Build-to-rent pulls a 20pc premium on traditional rental

Build-to-rent apartments attract a 20 per cent premium in rental income over build-to-sell units of the same size, even before extra charges such as car parking and storage are factored in, according to a new third-party report.

A Charter Keck Cramer analysis of advertised rents at Mirvac’s LIV Indigo BTR development in Sydney Olympic Park and rents for nearby private rental apartments shows the median one-bedroom, one-bathroom apartment rent is 19 per cent higher than an equivalent build-to-sell unit, while the difference was 27 per cent for a two-bed unit.

The relatively small study gives independent confirmation of claims Mirvac has made about a 15-20 per cent premium for its build-to-rent apartment model. In February, the company said LIV Indigo was 93 per cent leased and having shown the product worked, the company would seek third-party capital to co-invest in BTR projects.

Charter Keck Cramer did not make any calculation about the boost to profitability of BTR assets from a possible reduction in the 30 per cent withholding tax levied on foreign investment in the fast-growing sector – an impost some developer groups have lobbied to remove – but which last week’s federal budget left unchanged.

Housing affordability shows no sign so far of becoming as big an issue in the May 21 federal election as it was during the last election in 2019, when the opposition Labor Party was campaigning to reform both negative gearing and the capital gains tax deductions on property investment.

Neither the governing Coalition nor Labor – which in 2019 promised to halve the tax rate – has set out its policy on the issue which has divided lobby groups.

The Housing Industry Association, which represents large volume builders, argues that to reduce the discount would put institutions at an advantage over mum-and-dad investors.

Private polling for the HIA found that 54 per cent of respondents who were aware of the build-to-rent sector – just 28 per cent of the 1500 people surveyed in total – supported tax concessions on not-for-profit housing.

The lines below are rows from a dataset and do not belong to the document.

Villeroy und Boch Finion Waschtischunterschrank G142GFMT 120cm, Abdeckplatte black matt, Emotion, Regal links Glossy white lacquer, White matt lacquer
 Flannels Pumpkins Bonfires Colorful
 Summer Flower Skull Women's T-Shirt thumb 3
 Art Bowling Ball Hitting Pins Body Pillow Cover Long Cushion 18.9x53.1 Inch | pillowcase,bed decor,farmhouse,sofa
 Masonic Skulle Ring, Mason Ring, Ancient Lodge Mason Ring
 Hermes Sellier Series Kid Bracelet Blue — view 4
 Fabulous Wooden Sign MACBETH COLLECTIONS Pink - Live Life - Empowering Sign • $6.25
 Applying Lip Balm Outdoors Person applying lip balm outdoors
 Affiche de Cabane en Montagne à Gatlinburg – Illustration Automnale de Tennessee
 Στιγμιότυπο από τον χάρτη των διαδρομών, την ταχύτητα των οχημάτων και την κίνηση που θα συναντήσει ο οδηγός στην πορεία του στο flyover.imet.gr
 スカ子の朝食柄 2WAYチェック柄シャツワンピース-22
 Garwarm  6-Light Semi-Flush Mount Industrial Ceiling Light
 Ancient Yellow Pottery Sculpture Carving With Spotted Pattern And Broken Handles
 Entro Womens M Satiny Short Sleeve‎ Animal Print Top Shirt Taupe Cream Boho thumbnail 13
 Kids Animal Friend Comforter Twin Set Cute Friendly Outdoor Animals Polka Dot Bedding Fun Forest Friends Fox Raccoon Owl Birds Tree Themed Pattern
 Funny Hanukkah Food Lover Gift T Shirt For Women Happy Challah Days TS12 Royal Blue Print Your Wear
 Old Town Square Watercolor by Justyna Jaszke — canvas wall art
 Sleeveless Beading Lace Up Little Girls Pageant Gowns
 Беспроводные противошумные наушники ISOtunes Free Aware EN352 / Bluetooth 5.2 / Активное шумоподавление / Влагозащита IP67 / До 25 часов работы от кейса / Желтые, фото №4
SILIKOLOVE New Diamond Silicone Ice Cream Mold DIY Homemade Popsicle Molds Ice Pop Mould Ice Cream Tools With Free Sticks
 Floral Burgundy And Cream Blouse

The proportion backing it for for-profit development was lower, at 34 per cent.

This puts the HIA at odds with the Property Council of Australia, which argues the sector should be a level playing field for all participants.

“Currently build-to-rent housing pays double the withholding tax as office buildings, shopping centres and industrial parks,” said Ken Morrison, the council’s chief executive.

“It makes no sense to discriminate against build-to-rent housing in these tax settings.”

Charter Keck associate director Richard Temlett said the analysis used only advertised rents and did not consider whether any incentives were in play or not, and further cautioned that any premium for BTR rental depended on a range of factors such as brand, location and amenity.

But the exclusion of rental revenue such as the extra services a BTR landlord could charge for did mean the gap with privately owned rental units could be even higher.

“This suggests the premium currently being achieved is likely to be even higher than the figures indicate,” Mr Temlett said.

The study compared 22 build-to-rent and 30 build-to-sell one-bedroom, one-bathroom apartments that were advertised for rent and had the same disclosed internal floor area. It also compared 18 build-to-rent and 19 build-to-sell two-bedroom, two-bathroom apartments.